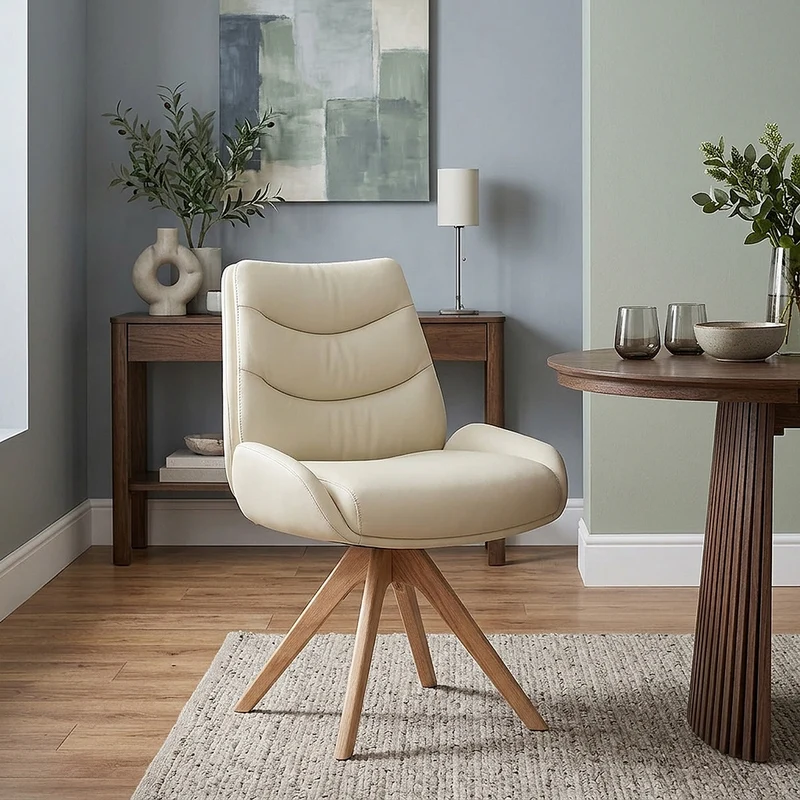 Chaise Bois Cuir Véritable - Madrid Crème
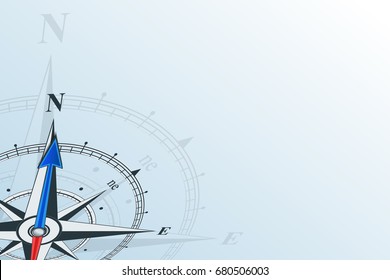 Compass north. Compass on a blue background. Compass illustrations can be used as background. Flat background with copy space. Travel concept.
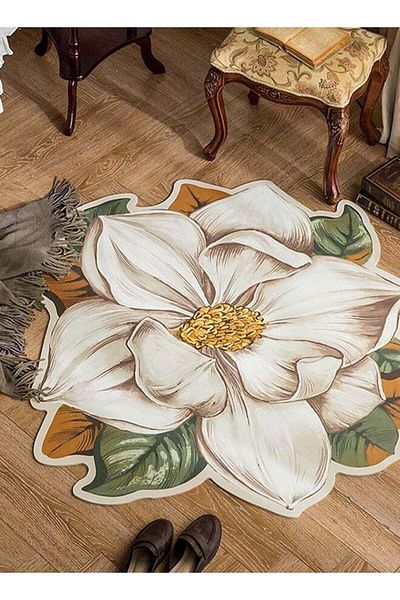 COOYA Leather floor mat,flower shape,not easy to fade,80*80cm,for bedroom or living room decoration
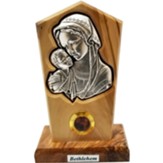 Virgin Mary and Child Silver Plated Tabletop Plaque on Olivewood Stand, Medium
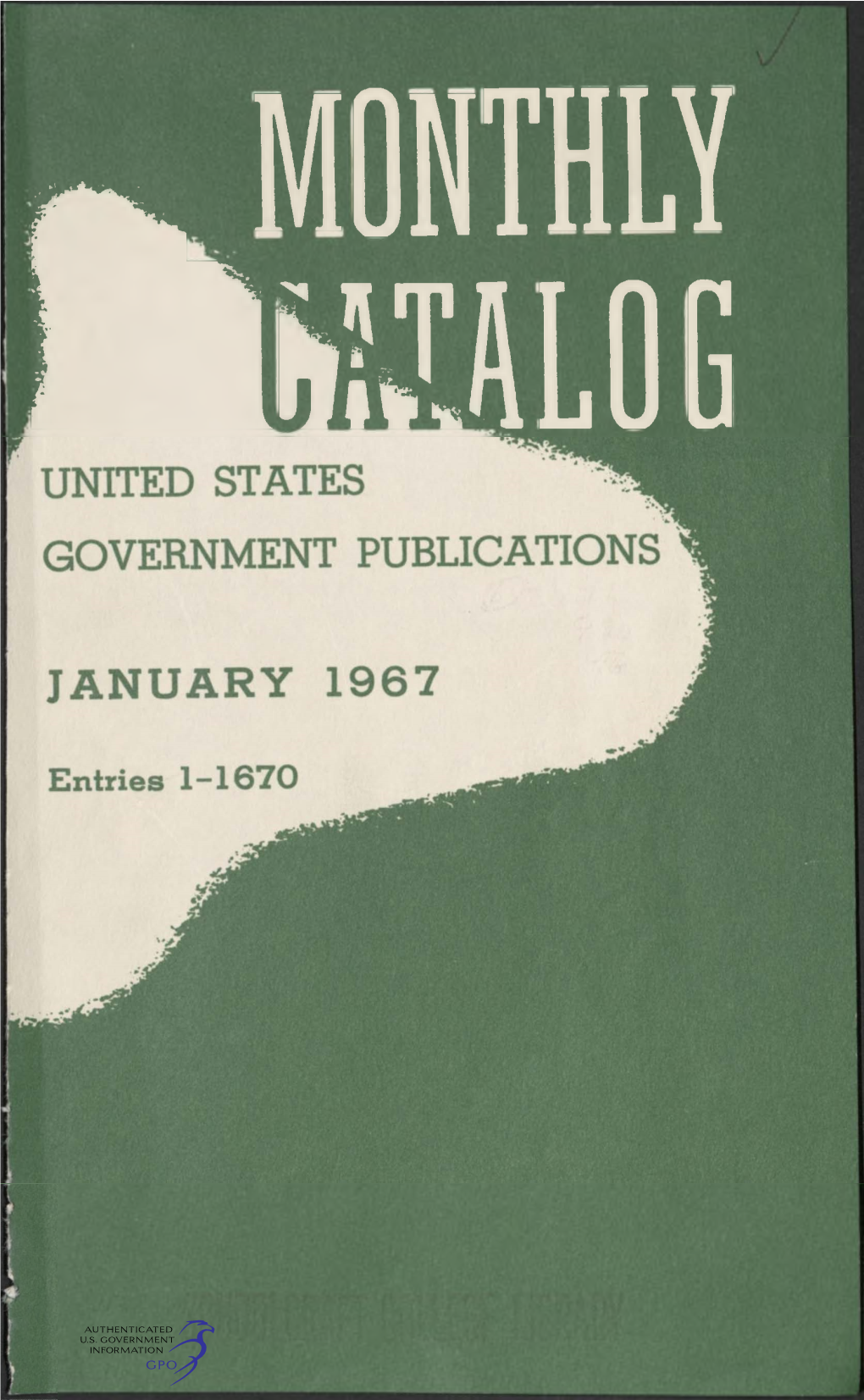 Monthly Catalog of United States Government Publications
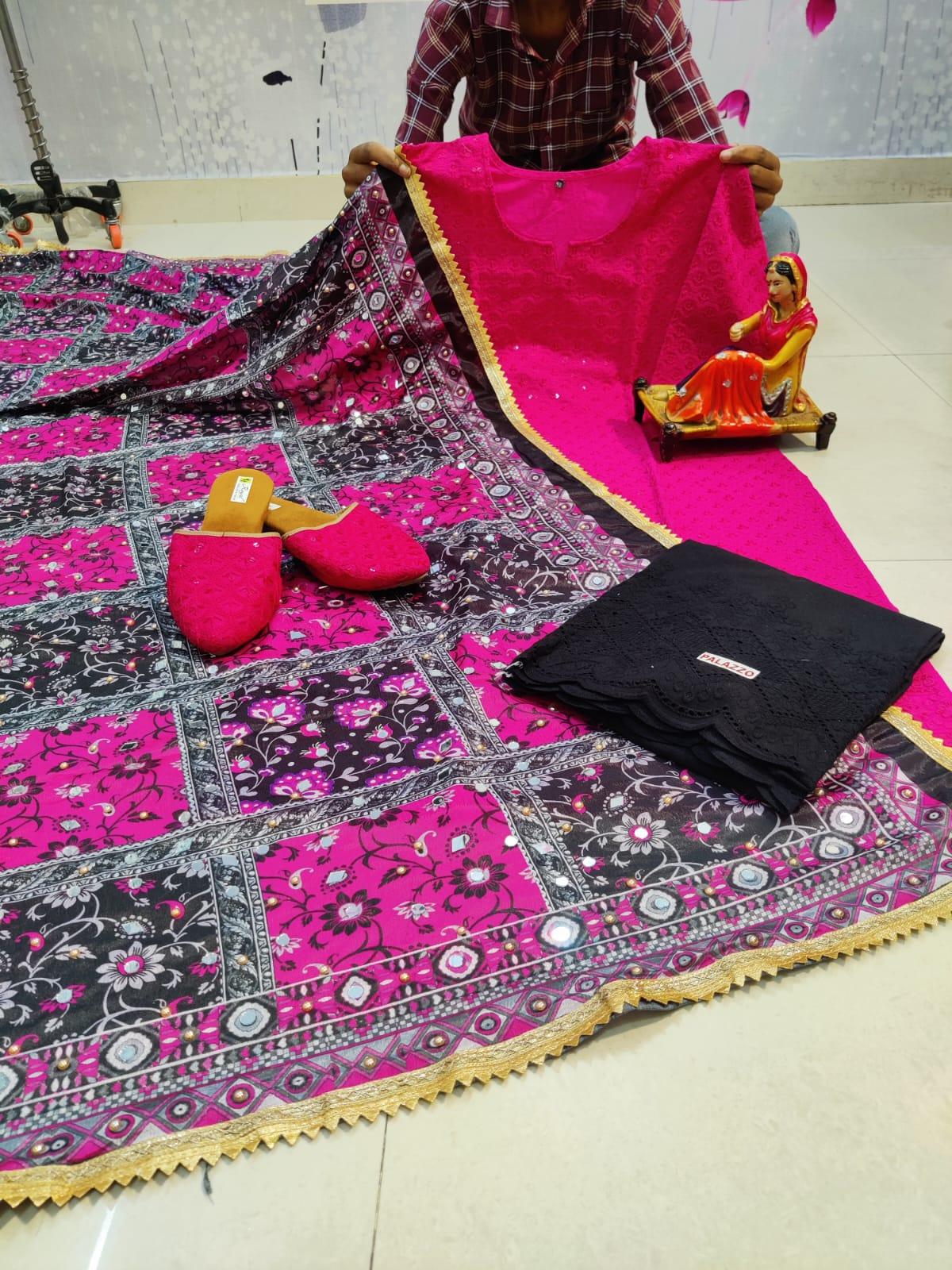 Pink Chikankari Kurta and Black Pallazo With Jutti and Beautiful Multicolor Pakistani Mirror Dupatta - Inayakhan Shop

→ WORK INSTRUCTION: Every line from the one holding "Monthly Catalog of" through the final line of the data above is to be reproduced exactly, both ends included, with the pictures left out.

→ RESPONSE TO THIS EXERCISE:
 Monthly Catalog of United States Government Publications
 Pink Chikankari Kurta and Black Pallazo With Jutti and Beautiful Multicolor Pakistani Mirror Dupatta - Inayakhan Shop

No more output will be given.